Reviewed by Stylus Magazine
Adapt begins with the sound of warm pirate radio crackle, but expectations of a soulful, Burial-esque affair are shattered within about four seconds, as a torrent of thunderous grimy beats blare forth like Godzilla emerging from beneath the concrete of southern London. Distorted, ragga-informed vocals resemble a malicious, bestial roar, mocking the suffering of anyone stupid enough to get in the way, while police-siren synths add to the confused chaos.

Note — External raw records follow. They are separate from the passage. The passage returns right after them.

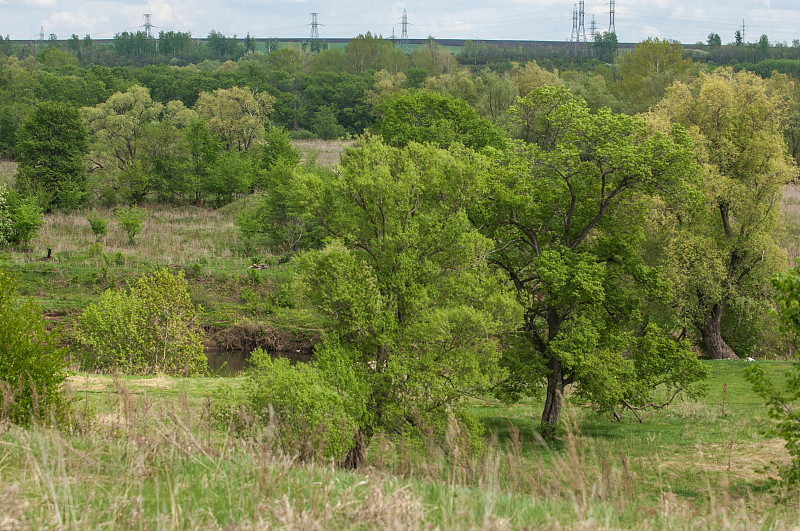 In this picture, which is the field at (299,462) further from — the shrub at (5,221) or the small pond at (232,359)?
the shrub at (5,221)

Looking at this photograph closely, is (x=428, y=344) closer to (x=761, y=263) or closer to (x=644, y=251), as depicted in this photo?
(x=644, y=251)

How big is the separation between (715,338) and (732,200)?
601 cm

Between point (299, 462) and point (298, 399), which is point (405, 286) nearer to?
point (298, 399)

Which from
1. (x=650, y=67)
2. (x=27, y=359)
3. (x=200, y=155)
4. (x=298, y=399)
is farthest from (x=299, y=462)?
(x=650, y=67)

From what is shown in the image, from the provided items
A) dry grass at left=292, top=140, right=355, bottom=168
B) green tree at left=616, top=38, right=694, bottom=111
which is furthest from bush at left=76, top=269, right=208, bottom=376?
green tree at left=616, top=38, right=694, bottom=111

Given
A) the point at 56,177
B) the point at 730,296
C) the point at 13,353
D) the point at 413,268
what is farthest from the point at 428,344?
the point at 56,177

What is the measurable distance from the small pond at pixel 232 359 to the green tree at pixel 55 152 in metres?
21.7

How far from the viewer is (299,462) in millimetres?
8055

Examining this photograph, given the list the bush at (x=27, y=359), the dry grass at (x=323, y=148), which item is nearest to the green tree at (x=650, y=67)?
the dry grass at (x=323, y=148)

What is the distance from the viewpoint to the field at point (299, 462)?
17.8 feet

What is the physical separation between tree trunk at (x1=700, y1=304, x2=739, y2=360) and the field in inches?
106

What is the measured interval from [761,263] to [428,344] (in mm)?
18979

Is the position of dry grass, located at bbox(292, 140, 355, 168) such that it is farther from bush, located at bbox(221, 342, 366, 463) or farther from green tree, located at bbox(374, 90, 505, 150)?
bush, located at bbox(221, 342, 366, 463)

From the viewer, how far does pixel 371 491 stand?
5.70m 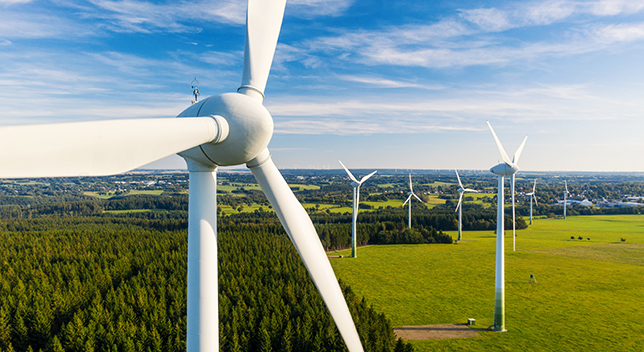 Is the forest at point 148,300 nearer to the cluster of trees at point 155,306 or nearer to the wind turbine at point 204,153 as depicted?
the cluster of trees at point 155,306

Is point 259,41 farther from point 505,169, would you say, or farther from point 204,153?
point 505,169

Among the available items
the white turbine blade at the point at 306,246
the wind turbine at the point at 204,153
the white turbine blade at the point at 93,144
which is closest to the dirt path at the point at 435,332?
the white turbine blade at the point at 306,246

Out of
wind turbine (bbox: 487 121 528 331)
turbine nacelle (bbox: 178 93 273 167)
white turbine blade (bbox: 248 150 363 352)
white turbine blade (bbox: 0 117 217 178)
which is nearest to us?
white turbine blade (bbox: 0 117 217 178)

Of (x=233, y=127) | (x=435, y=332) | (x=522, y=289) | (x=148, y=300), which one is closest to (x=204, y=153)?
(x=233, y=127)

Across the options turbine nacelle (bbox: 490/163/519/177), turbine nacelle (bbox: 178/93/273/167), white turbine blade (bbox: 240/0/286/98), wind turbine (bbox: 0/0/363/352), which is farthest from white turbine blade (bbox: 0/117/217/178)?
turbine nacelle (bbox: 490/163/519/177)

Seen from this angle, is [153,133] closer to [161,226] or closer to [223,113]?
[223,113]

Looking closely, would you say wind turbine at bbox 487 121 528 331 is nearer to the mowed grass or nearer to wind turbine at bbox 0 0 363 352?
the mowed grass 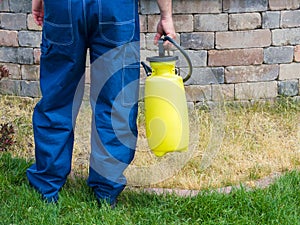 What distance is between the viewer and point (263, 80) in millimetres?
5125

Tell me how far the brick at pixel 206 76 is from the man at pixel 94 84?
5.97 feet

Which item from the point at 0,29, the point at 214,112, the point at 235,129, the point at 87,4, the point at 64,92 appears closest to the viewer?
the point at 87,4

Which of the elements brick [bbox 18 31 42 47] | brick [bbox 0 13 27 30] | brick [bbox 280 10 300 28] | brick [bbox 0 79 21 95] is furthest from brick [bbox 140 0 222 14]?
brick [bbox 0 79 21 95]

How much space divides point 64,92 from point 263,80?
242cm

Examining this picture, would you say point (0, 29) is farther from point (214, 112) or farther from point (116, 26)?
point (116, 26)

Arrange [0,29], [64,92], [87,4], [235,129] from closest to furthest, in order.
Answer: [87,4] < [64,92] < [235,129] < [0,29]

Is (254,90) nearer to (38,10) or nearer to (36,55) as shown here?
(36,55)

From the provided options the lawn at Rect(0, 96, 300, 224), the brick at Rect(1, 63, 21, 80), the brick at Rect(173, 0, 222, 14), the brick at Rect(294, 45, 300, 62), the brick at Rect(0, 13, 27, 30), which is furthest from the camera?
the brick at Rect(1, 63, 21, 80)

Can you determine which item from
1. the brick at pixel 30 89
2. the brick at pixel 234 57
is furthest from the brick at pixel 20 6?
the brick at pixel 234 57

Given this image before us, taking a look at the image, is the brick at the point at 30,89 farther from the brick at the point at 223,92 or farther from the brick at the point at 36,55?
the brick at the point at 223,92

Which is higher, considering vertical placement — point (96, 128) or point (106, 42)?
point (106, 42)

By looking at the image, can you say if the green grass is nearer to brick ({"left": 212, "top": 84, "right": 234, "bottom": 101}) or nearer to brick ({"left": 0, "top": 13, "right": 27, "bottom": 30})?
brick ({"left": 212, "top": 84, "right": 234, "bottom": 101})

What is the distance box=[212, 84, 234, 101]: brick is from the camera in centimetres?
508

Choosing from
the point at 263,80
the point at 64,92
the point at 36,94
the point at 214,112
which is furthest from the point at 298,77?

Those familiar with London producer Milanese's back catalogue would hardly be surprised; 2006's Extend was a skeletal hybrid of grime, dubstep, and jungle, with a darkly subterranean atmosphere, sounding like some inhuman horror creeping deep within the sewers of London. But while Extend was malevolent and imposing, Adapt delivers on the promise of evil: what were once sparsely populated soundscapes here become dense, aggressive tapestries of distorted beats, eerie synths, and belligerent vocals.
As the title implies, Adapt offers remixes from Extend and 2004 effort 1up from luminaries such as Clark and DJ Distance as well as Milanese himself, plus a couple of new tracks. The variety of producers leads to a well-rounded variety of approaches. On "Sight Beyond Sight," Hrdvision reduces the piece to a fine weave of glitched-out, minimal beats, backed by ghostly synths. From "Mr. Bad News," Clark constructs an intimidating drum 'n' bass interpretation, which soon evolves into a chaotic maximalist nightmare of indecipherable British-Caribbean-accented ranting and decaying breaks. And on "Billy Electron," Venger marries a beat that might be considered funky in some Orwellian future to slowly rotating, gyroscopic razorblade synths. Meanwhile, throughout the album, Milanese continues working in familiar style, his slow-moving, spacious pieces—particularly "Double Face," with its female vocal melody splitting into a nauseating dissonant harmony—providing temporary respite from the overwhelming physicality of the rest of the album.
Considering all of this, Adapt's conceptual homogeneity is remarkable. The music of Milanese seems to have corrupted these remixers, forcing them to adhere to its own twisted vision—a vision heavily influenced by nightmares of a grimly dystopian, technophilic urban future, in which humans are pursued through pitch-black streets by monstrous alien forms. Which is to say: Adapt is a work of cinematic prowess, consuming the listener in the morbid totality of its sound; an expert exercise in tension and release.